Restate the whole of the data below word for word, skipping the images.

***** Dataset content *****

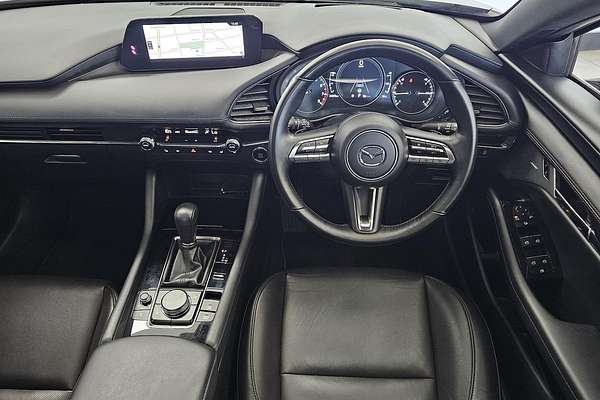 2023 Mazda 3 G25 Astina BP Series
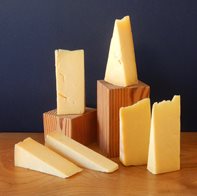 Cheddar Discovery Box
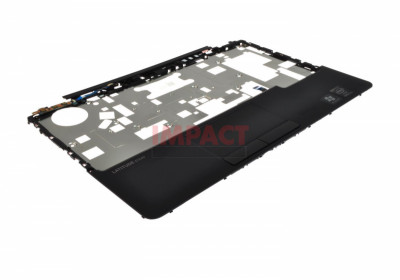 8DR9X - Palmrest, Assembly, U, Single Channel, World Wide, E7240, V1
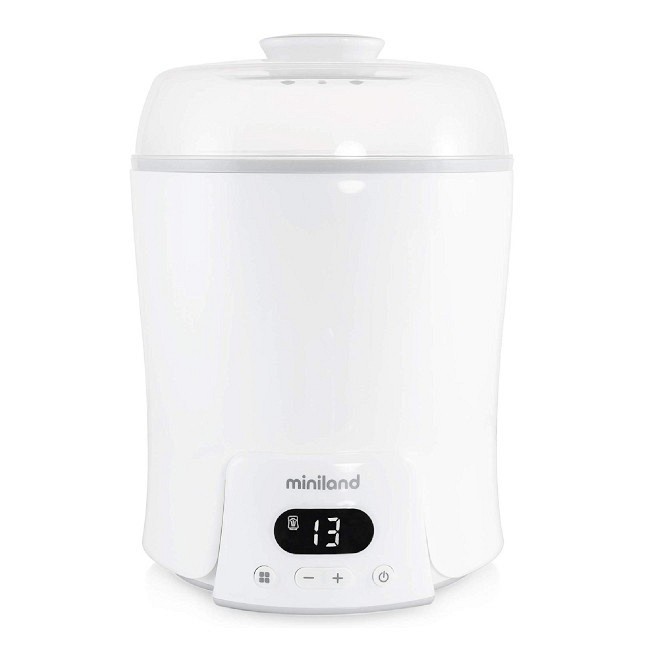 Miniland Esterilizador Super 6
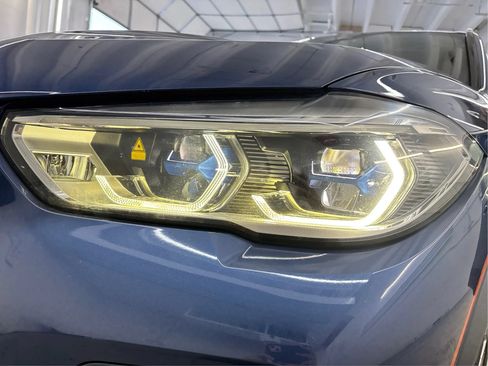 Used 2019 BMW X5 xDrive40i w/ Premium Package AWD/4WD image 32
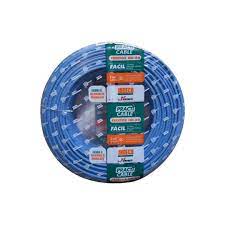 CABLE NH-80 450/750V FREETO X 2.5MM2 (RLL. X 100Mts) - INDECO
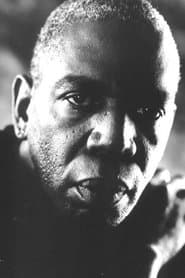 Actor Abdul Salaam El Razzac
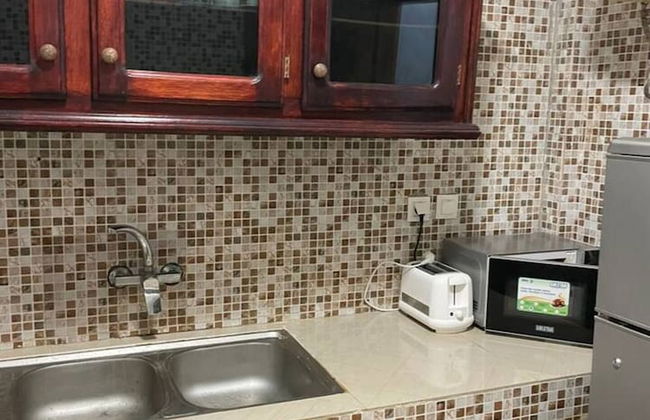 Inviting 1-bed Room Mam Residence - Photo 5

*****

**Solution**
 2023 Mazda 3 G25 Astina BP Series
 Cheddar Discovery Box
 8DR9X - Palmrest, Assembly, U, Single Channel, World Wide, E7240, V1
 Miniland Esterilizador Super 6
 Used 2019 BMW X5 xDrive40i w/ Premium Package AWD/4WD image 32
 CABLE NH-80 450/750V FREETO X 2.5MM2 (RLL. X 100Mts) - INDECO
 Actor Abdul Salaam El Razzac
 Inviting 1-bed Room Mam Residence - Photo 5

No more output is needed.